The linked PEP tells you how to declare an encoding in a Python source: the encoding must be set to the table that your editor / IDE uses when you enter the Unicode character ÂŖ from your example. Most likely UTF-8 is assumed, so on the first line of your send-tweet.py

put this:

# coding=utf-8

      

If the first line already contains a path directive, for example:

#!/usr/local/bin/python

      



then put the encoding directive on the second line eg.

#!/usr/local/bin/python
# coding=utf-8

      

In addition, when writing Unicode characters in a Python source and declaring UTF-8 encoding, you must use an editor with UTF-8 save support, that is, an editor that can serialize UTF-8 Unicode code points.

In this respect, note that Unicode and UTF-8 are not the same. Unicode refers to the standard, while UTF-8 is a specific encoding that defines how to serialize Unicode code points into an ASCII-compatible string and that uses 1 to 4 bytes to represent the original Unicode string.
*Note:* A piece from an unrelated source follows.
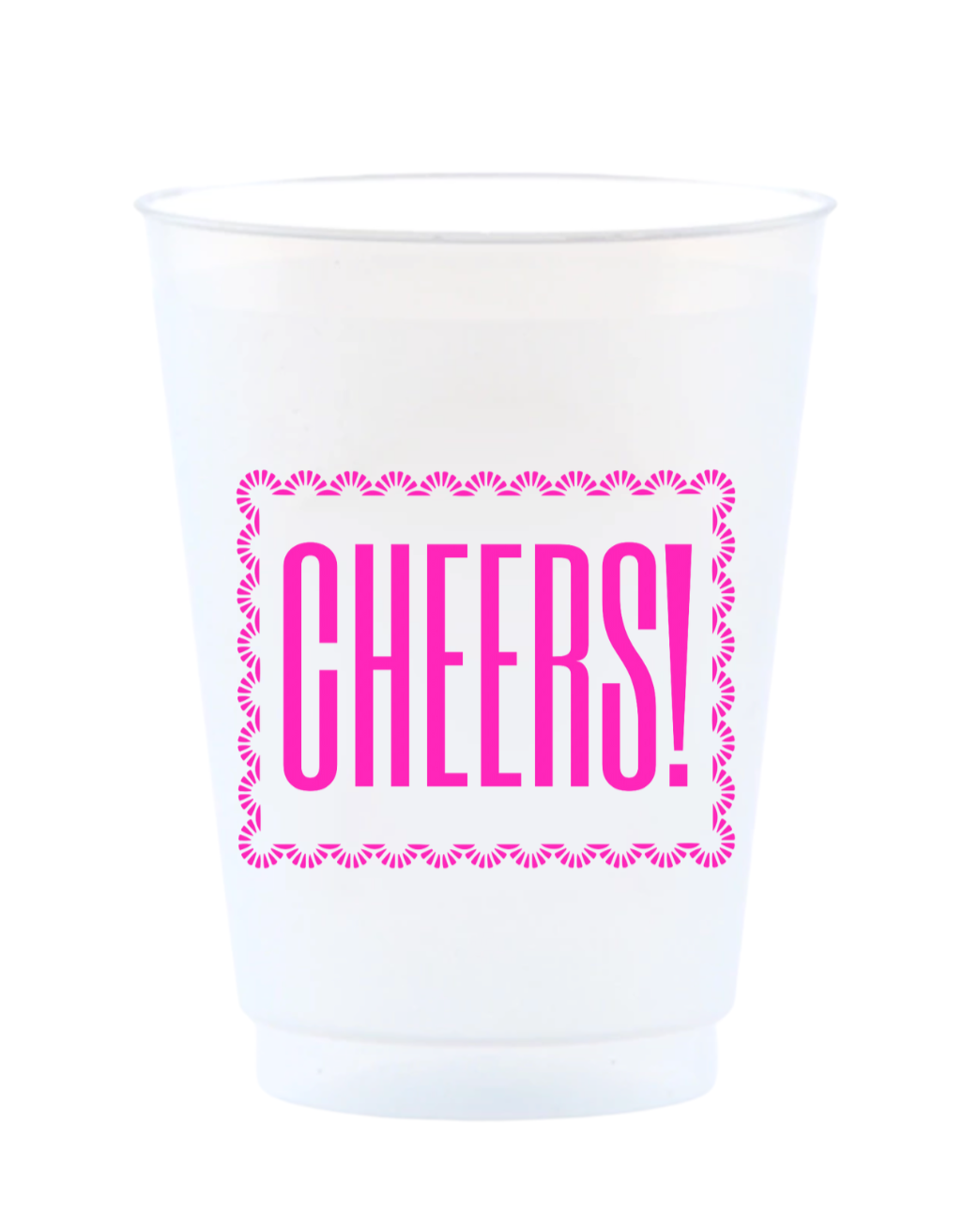 CHEERS Hot Pink – perk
Thus, in the Python interpreter, the string can be stored as Unicode, but if you want to write the Unicode string as UTF-8, you need to explicitly serialize the string to UTF-8, for example

s.encode("utf-8")

      

This is important especially when outputting Unicode strings to byte-sized streams, for example. when writing to a log file descriptor that typically accepts byte sized characters, that is, UTF-8 for content that contains non-ASCII characters.